EU calls for urgent push on closer energy union

18 Nov 2015 | News
The first annual review of the EU energy union shows there has been progress. Companies are changing their business models, renewable energy and energy efficiency are creating jobs. But the electricity and gas markets are still not performing as they should

Europe is still lacking sufficient alternatives to Russian energy supplies and needs an urgent political push for greater strategic power and gas links, said Maroš Šefčovič, Energy Union Commissioner in the EU’s first state of the energy union address.

National governments have made progress, but they still fell short of goals set by the Commission, Šefčovič said, unveiling a list of 195 priority interconnection projects, which are designed to reduce overall dependence on energy from Gazprom, Russia's state gas giant.

The list includes 108 electricity, 77 gas, seven oil and three smart grid projects, each selected because they will both enhance the security of energy supplies and reduce CO2 emissions.

In exceptional cases, these projects can access grants from an EU infrastructure fund, the Connecting Europe Facility.

The energy union address is intended to become an annual event, reprising progress towards the creation of an integrated EU energy market, with resilience of supply and a greater share of renewables. Currently Europe imports 53 per cent of its energy needs at a cost of €400 billion per annum.
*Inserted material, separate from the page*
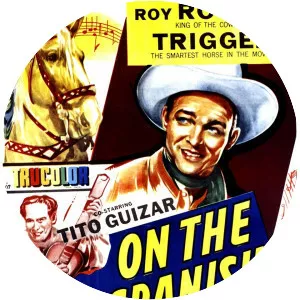 On the Old Spanish Trail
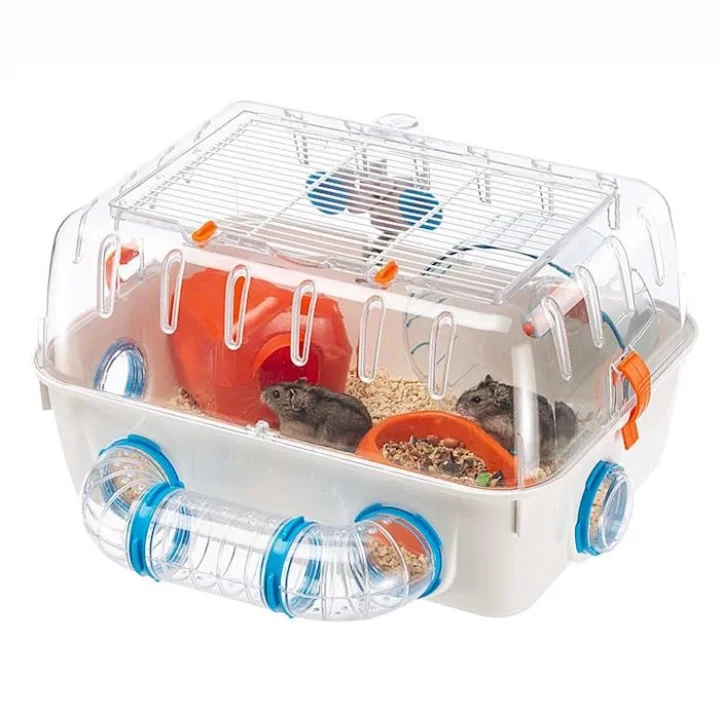 Hamster Kafesi, 15,94 x 11,61 8,61 x 8,86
European consumers and businesses pay a higher price for electricity than anywhere else in the world.

Along with increasing the security of supply, the energy union has targets for the reduction of greenhouse gas emission, increasing levels of renewable energy, and monitoring research, development and innovation activity in the energy sphere.

Emissions progress

With the 2015 UN climate summit in Paris just around the corner, member states are on track to meet their 2020 target of reducing greenhouse emissions by 20 per cent below the 1990 level, according to Šefčovič. The most recent estimates say that in 2014 total EU greenhouse gas emissions were 23 per cent below the 1990 level. 
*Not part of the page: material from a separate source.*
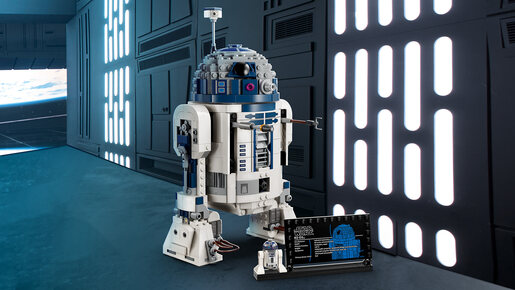 LEGO 75379 R2-D2™ 75379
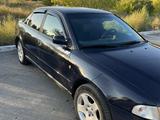 Audi A4 1998 года за 2 350 000 тг. в Караганда – фото 5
However, further measures are needed to meet the more-ambitious 2030 emissions reduction target of at least 40 per cent. Šefčovič said all member states had to come on board, and asked for draft plans on how they will comply with the goal to be ready in 2017.

EU national governments are also chasing a 20 per cent energy efficiency saving before 2020 but Commission figures put the collective effort at 17.6 per cent.  
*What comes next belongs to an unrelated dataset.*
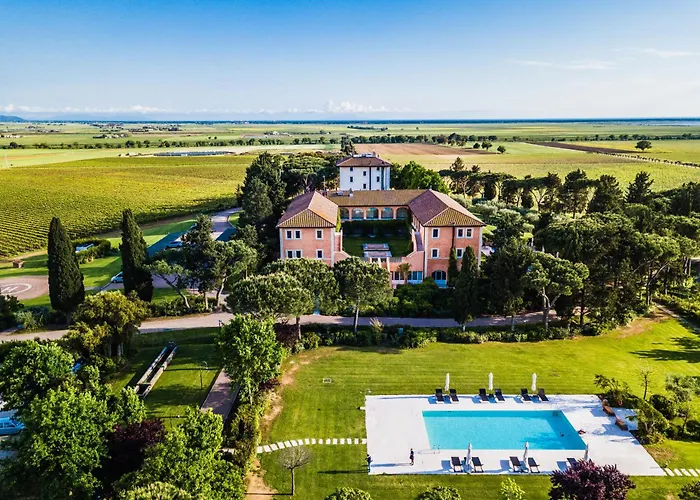 Resort: L'Andana Tenuta La Badiola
The Commission said it will launch a financing for smart buildings initiative sometime next year, to help make further energy efficiency gains. 

Research funding

In addition, the Commission is supporting the creation of a modernisation and innovation fund as part of the revision of Europe's Emissions Trading System, the world’s largest issuer of carbon credits.

The new funds would build on the existing NER300 (New Entrants Reserve) programme, which is expected to direct almost €5 billion from public and private sources to carbon capture and storage demonstration projects and alternative renewable technologies.

The programme has been slow to get off the ground and Šefčovič said an EU-wide survey will be released soon to help define new research areas.

Over the past year, Šefčovič has been on a Europe-wide tour to promote the energy union strategy. The roadshow has revealed a lot of challenges, he said. For example, Poland is strongly wedded to its coal industry, Ireland has a problem with methane emissions from farming and Luxembourg with car pollution.

The energy union plan is in pursuit of a fully integrated European market for energy – a goal that was supposed to be achieved by 2014 but which has been difficult to implement. It is based on five pillars: security of supply; integration of national markets; reduction of energy demand; cutting carbon dioxide; and promoting research and innovation.